→ **THE RECORDS**:
-- -- --
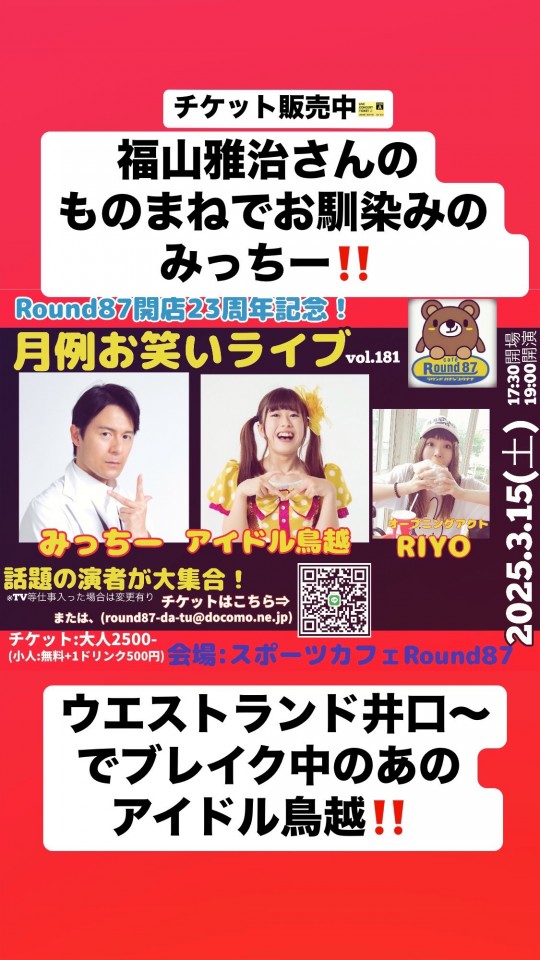 2025.3.15月例お笑いライブ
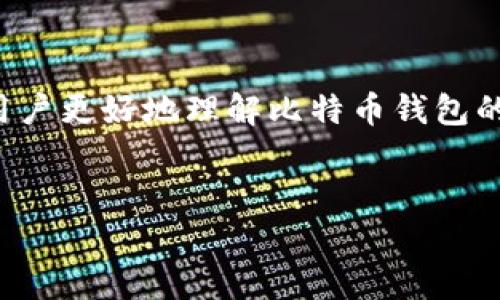 在这篇文章中，我们将探讨大陆比特币钱包网站的相关信息，帮助用户更好地理解比特币钱包的功能和使用。我们将创建一个易于理解且的，并提供相关的关键词。

:
大陆比特币钱包网站指南：选择最佳钱包的全面解析
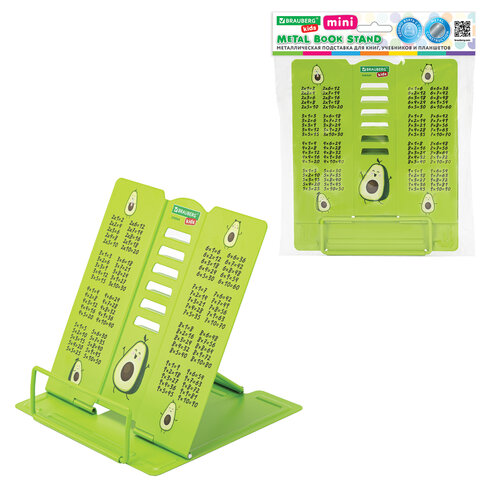 Подставка для книг и учебников BRAUBERG KIDS mini "Авокадо" с таблицей умножения, регулируемый угол наклона, металлическая, 238969 - фото 3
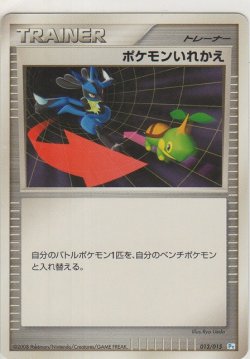 画像1: ポケモンいれかえ
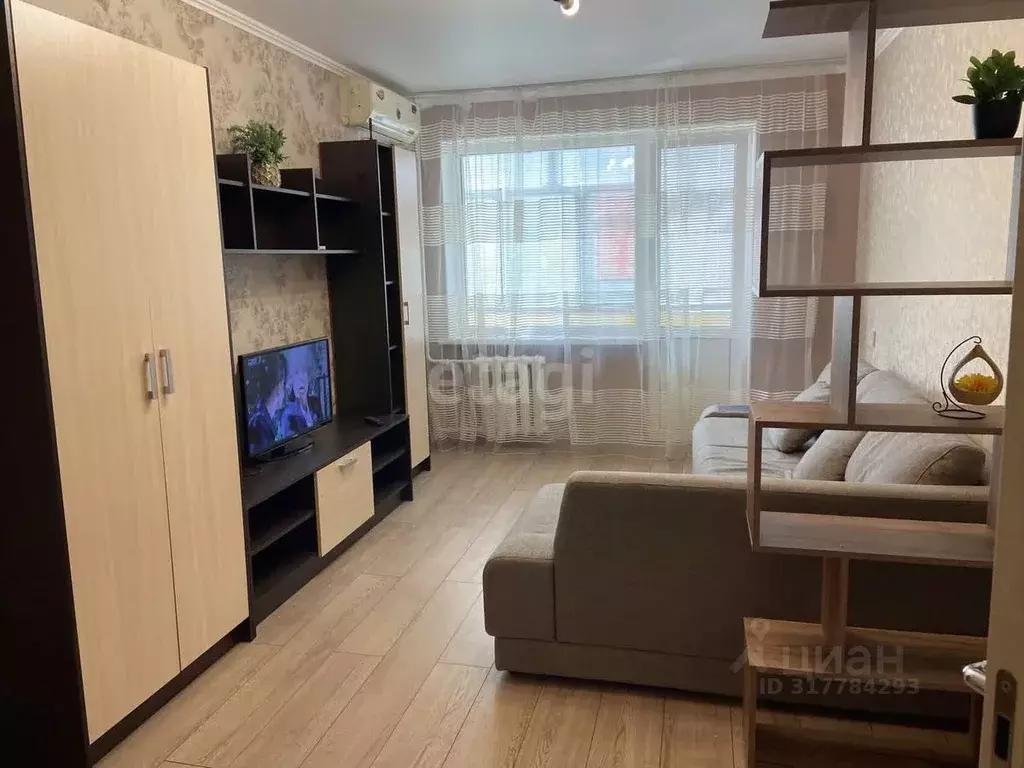 1-к кв. Краснодарский край, Новороссийск ул. Луначарского, 12 (30.4 м) - Фото 0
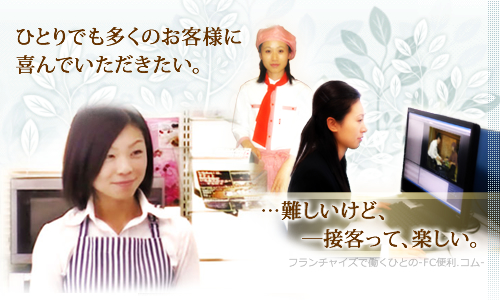 ひとりでも多くのお客様に喜んでいただきたい。…難しいけど、接客って楽しい。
-- -- --
→ **GOAL OF THE EXERCISE**:
What is needed is an exact printout of all the entries, without the pictures.

→ **REPLY**:
 2025.3.15月例お笑いライブ
 在这篇文章中，我们将探讨大陆比特币钱包网站的相关信息，帮助用户更好地理解比特币钱包的功能和使用。我们将创建一个易于理解且的，并提供相关的关键词。

:
大陆比特币钱包网站指南：选择最佳钱包的全面解析
 Подставка для книг и учебников BRAUBERG KIDS mini "Авокадо" с таблицей умножения, регулируемый угол наклона, металлическая, 238969 - фото 3
 画像1: ポケモンいれかえ
 1-к кв. Краснодарский край, Новороссийск ул. Луначарского, 12 (30.4 м) - Фото 0
 ひとりでも多くのお客様に喜んでいただきたい。…難しいけど、接客って楽しい。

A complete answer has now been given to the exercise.